In [18]:
#Import the necessary packages
import cv2
import numpy as np
import matplotlib.pyplot as plt
import imutils
from PIL import Image       #Python Imaging Library
import pytesseract
pytesseract.pytesseract.tesseract_cmd = r'C:\Program Files\Tesseract-OCR\tesseract'


In [19]:
#Load the image
Im = "C:/Users/Acer/Desktop/Passport/MRZ.jpeg"

In [28]:
def process_image(Im):
    #Initialize rectangular kernel and square kernel
    rectKernel = cv2.getStructuringElement(cv2.MORPH_RECT, (13, 5))
    sqKernel = cv2.getStructuringElement(cv2.MORPH_RECT, (21, 21))
    kernel = np.ones((5, 5), np.uint8)
    
    #After loading, convert it into a Gray scale and resize it
    img = cv2.imread(Im,cv2.IMREAD_GRAYSCALE)
    img = imutils.resize(img, height=390)
    
    # Smooth the image using 5*5 Gaussian, then apply the Blackhat
    gausBlur = cv2.GaussianBlur(img, (5,5),0) 
    
    # Morphological operator to find dark regions on a light background
    blackhat  = cv2.morphologyEx(gausBlur, cv2.MORPH_GRADIENT, kernel)   
    
    # Apply closing operation using the rectangular kernel to close 
    # gaps in between letters then apply Ostu's thresholding method
    rectclosing = cv2.morphologyEx(blackhat, cv2.MORPH_CLOSE, rectKernel)                     
    rectthresh = cv2.threshold(rectclosing, 0, 255, cv2.THRESH_BINARY | cv2.THRESH_OTSU)[1]   

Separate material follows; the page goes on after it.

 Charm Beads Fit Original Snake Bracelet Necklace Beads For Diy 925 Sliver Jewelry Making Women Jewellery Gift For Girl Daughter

    # Perform another cloing operation , this time using the square
    # kernel to close gaps between lines og MRZ, then perform a
    # series of erosions to break apart connected components
    sqclosing = cv2.morphologyEx(rectthresh, cv2.MORPH_CLOSE, sqKernel)                     
    sqthresh = cv2.threshold(sqclosing, 0, 255, cv2.THRESH_BINARY | cv2.THRESH_OTSU)[1]       

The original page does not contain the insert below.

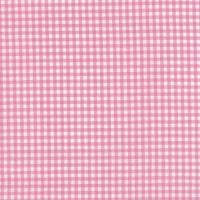Westfalenstoffe Capri rosa weiß kariert 100% Baumwolle Webware Webstoff Bild 1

    img_erosion = cv2.erode(sqthresh,None, iterations=4) 
    
    # During thresholding, it's possible that border pixels were
    # included in thresholding, so let's see 5% of the left
    # and right borders to zero
    p = int(img.shape[1] * 0.05)
    img_erosion[:, 0:p] = 0
    img_erosion[:, img.shape[1] - p:] = 0
    img_erosion[img.shape[1] - p:, :] = 0
    img_erosion[0:p, :] = 0
    
    # Find Contours in the erosion image and sort them in the order
    cnts = cv2.findContours(img_erosion.copy(), cv2.RETR_EXTERNAL,
    cv2.CHAIN_APPROX_SIMPLE)
    cnts = imutils.grab_contours(cnts)
    cnts = sorted(cnts, key=cv2.contourArea, reverse=True)

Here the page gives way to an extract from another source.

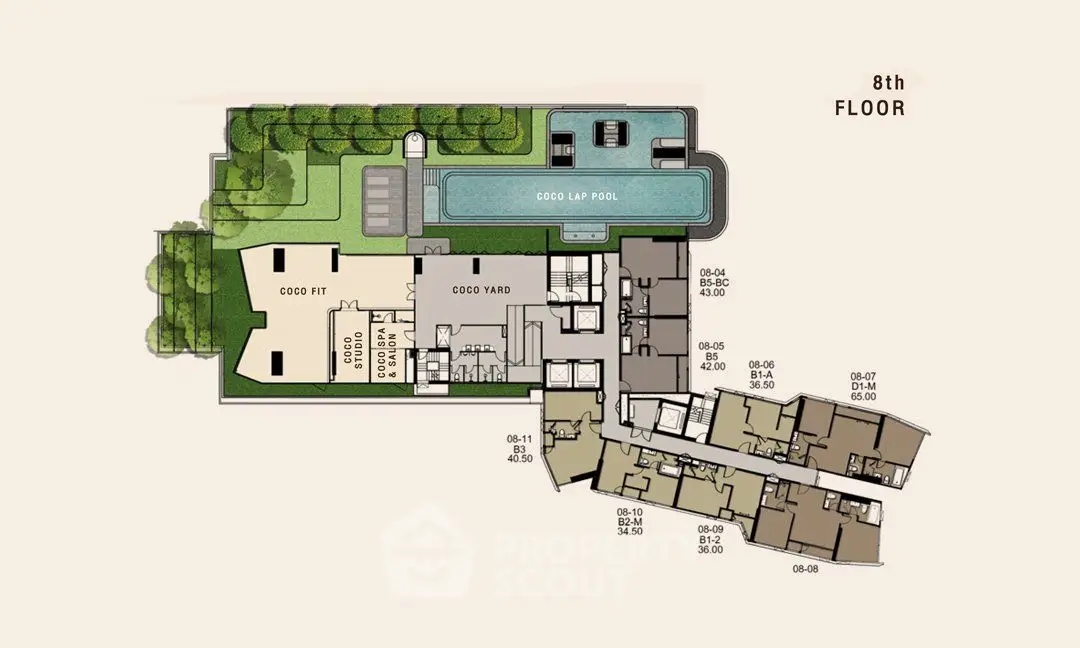 COCO PARC Rama 4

    # Loop over the contours
    for c in cnts:
        # Compute the bounding box of the contour 
        # and compute the Aspect Ratio(ar) and Coverage Ratio(cr) 
        # width to width of an image
        (x, y, w, h) = cv2.boundingRect(c)
        ar = w / float(h)
        crWidth = w / float(img.shape[1])
        if ar > 5 and crWidth > 0.75: 
            pX = int((x + w) * 0.03)
            pY = int((y + h) * 0.03)
            x, y = max(0,(x-pX)), max(0,(y-pY))
            (w, h) = (w + (pX * 2), h + (pY * 2))
            # Extract the ROI from the image and draw a bounding box 
            # surrounding the MRZ
            roi = img[y:y + h, x:x + w].copy()
            cv2.rectangle(img, (x, y), (x + w, y + h), (0, 255, 0), 2)
            break
    # Returning the text      
    text = pytesseract.image_to_string(roi, lang = 'eng')
    return(text)
          
    
    

In [32]:
# Pass the image path in the place of Im
MRZ = process_image(Im)
MRZ

'P<INDSINGRI<<SHANTHIPRIYAC<<<<ccccccccccccc<\nU1885269<31ND9710050F2912017<<<<<c<cccc<cc<d'